* _Input for this task_:
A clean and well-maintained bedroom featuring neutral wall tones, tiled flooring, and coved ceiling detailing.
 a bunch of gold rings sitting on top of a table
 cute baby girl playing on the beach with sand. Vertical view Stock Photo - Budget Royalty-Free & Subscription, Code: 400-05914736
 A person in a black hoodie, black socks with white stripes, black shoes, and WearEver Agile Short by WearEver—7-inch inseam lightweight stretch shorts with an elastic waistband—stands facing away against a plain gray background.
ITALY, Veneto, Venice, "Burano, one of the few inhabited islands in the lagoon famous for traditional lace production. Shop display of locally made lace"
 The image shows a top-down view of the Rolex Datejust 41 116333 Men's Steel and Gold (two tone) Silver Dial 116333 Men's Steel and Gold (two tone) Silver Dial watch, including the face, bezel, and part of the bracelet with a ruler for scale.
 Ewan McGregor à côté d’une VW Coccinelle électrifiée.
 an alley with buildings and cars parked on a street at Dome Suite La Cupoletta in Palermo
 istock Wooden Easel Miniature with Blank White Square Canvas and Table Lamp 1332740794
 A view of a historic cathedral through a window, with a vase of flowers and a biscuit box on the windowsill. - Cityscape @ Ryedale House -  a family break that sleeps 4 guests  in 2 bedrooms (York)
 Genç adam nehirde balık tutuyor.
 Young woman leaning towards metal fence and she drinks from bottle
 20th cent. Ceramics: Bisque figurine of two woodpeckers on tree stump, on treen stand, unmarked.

* _Assigned task_: Considering the entries above, how many lines contain "view"? Give that number with nothing else.

* _Output for this task_: 3